The mood of the meeting was set by Cogent's Dave Schaeffer, who provided a set of statistics and associated observations that, I must admit, didn't manage to engage my uncritical enthusiasm and instead confirmed some of my own alarm bells about the extent of this irrational insanity pervading this space. Expenditure in 2026 is centred on a whole new round of data centres built specifically for the demanding requirements of intense deployments of GPUs.
In historical terms, the sums involved are massive. In the US alone, expenditure will approach USD 750 billion for this year (2026), almost double last year's USD 450 billion. Current projections of the longer-term multi-year build cost within the US are now heading to USD 7 trillion. In economic terms, that's 2% of the US GDP for the next four years. And that's not counting expenditure occurring in other economies. There's no doubt we're in the middle of a wild boom. It's an economic inevitability that booms are followed by crashes, and the emerging question is how soon and how catastrophic the crash will be when this bubble bursts.
Oddly enough, it's not as if all the major investors are there because they're driven by a sense of exuberance and optimism over the future prospects of market dominance and wealth through their AI platform. Many of these investors are today's digital behemoths, and for them, it appears that the driving motivation is that engagement with AI is a forced activity: If they don't sign up and invest in their own AI platform now, then they will be unable to survive when their competitors steal their existing markets with these new AI platforms. For example, what good is search when an AI tool can provide me with the answers? If it's fear and greed that drive markets, then today it appears that fear dominates many corporate decisions to play in this space!
AI training, inference and agentic workloads are placing a new generation of stresses on today's data centre network architectures. Large clusters of GPU engines coupled with the decoupling of processing from memory using Remote Direct Memory Access (RDMA) generate sustained high-volume loss-intolerant traffic in the data centre's transmission and switching capability. These demands challenge the prior conventional data centre design parameters around bandwidth density, electrical reach, and optical capacity. So far, we've relied on the constant increase in chip capabilities to resolve these scaling challenges, but as these environments demand even further scaling, limitations are emerging that cannot be addressed through incremental capacity upgrades to existing designs.
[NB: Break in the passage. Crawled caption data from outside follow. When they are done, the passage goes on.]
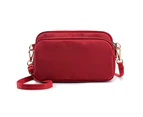 Bestjia Women Solid Color Waterproof Zipper Small Clutch Crossbody Shoulder Nylon Bag - Wine Red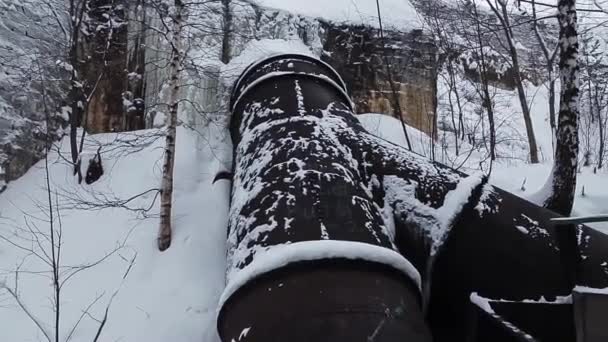 Old micro hydro power plant. Winter forest. — Stock Video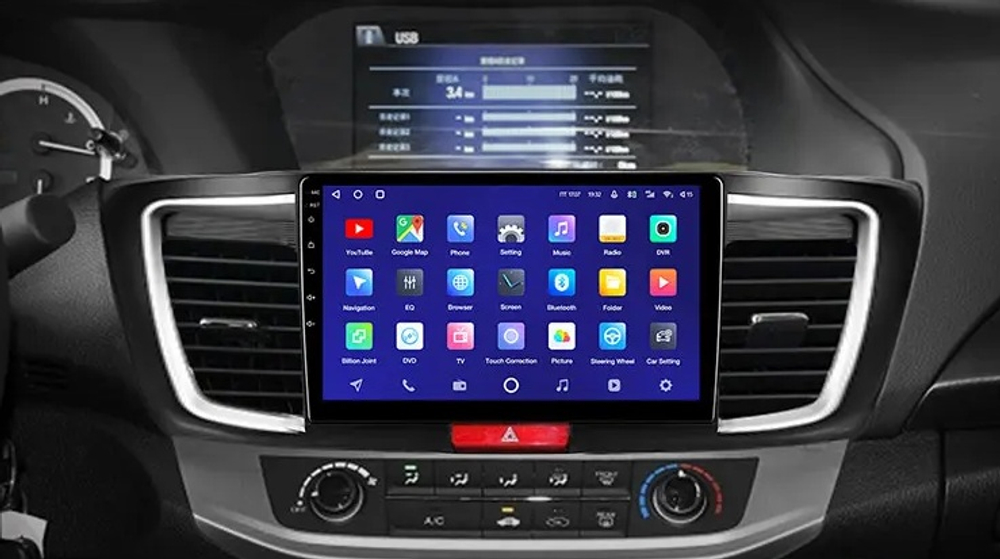 Магнитола для Honda Accord 9 2013-2015 - Parafar PF400UHD (поддержка усилителя, боковой камеры) на Android 13, QLED, ТОП процессор, 8Гб+128Гб, CarPlay, 4G SIM-слот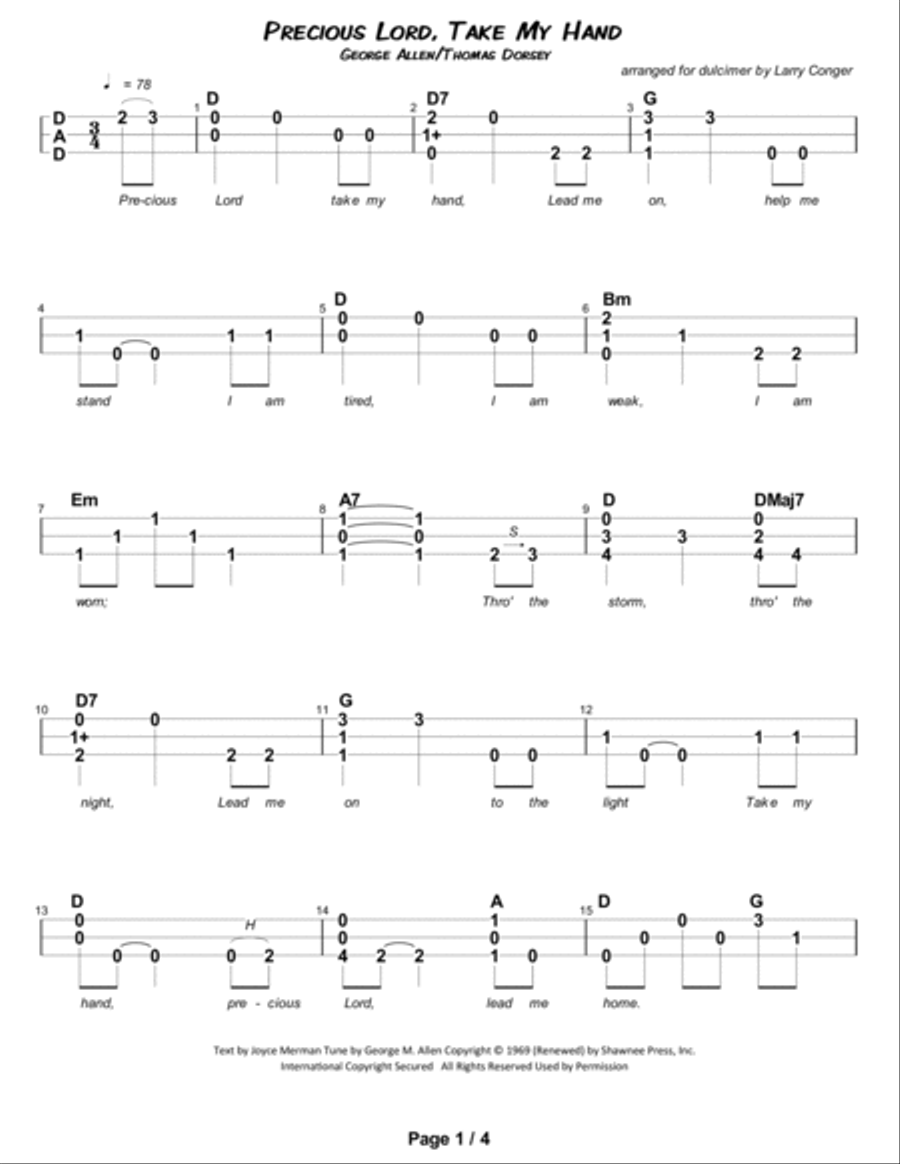 Precious Lord, Take My Hand Dulcimer scores gallery preview page 2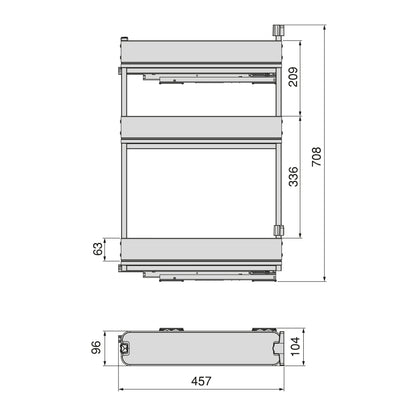 Emuca Portabottiglie laterale estraibile Harmony con chiusura soft, Modulo larghezza 150mm altezza 800mm, Acciaio e Legno, Grigio antracite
Bear in mind that the true genius of the TCP transport control protocol was its tolerance to packet loss (and jitter). RDMA over Converged Ethernet, Version 2 (RoCEv2) is a network protocol that allows computers to transfer data directly between memory on different servers, bypassing the operating system kernel and CPU, using standard Ethernet. This enables low-latency memory access and is vital for large-scale AI clusters and high-performance computing. However, RoCEv2 is completely intolerant to packet loss, packet reordering and jitter. This implies that TCP is not a suitable transport, and RoCEv2 is layered over UDP. Normally, it would be left to the application to detect and repair packet loss and packet reordering, but RoCEv2 contains no such support. The outcome is that the network simply cannot lose a single packet! This is a rather novel challenge for large-scale high-speed data centre design.
We are building out on the fine margins of what we can deliver in terms of silicon processors, storage systems, photonics and switching, power delivery and cooling. For example, in the power market, these data centres are expected to consume more electricity in the US than all energy-intensive manufacturing combined by the end of the 2020s. The current projection of power requirements will account for up to 12% of all US electricity consumption within a few years, and it's not as if some other sector is switching off its power by a comparable amount over this period. This is a new demand on the economy's power generation system, and represents a new source of pressure on existing electricity generation capabilities and power grid infrastructure.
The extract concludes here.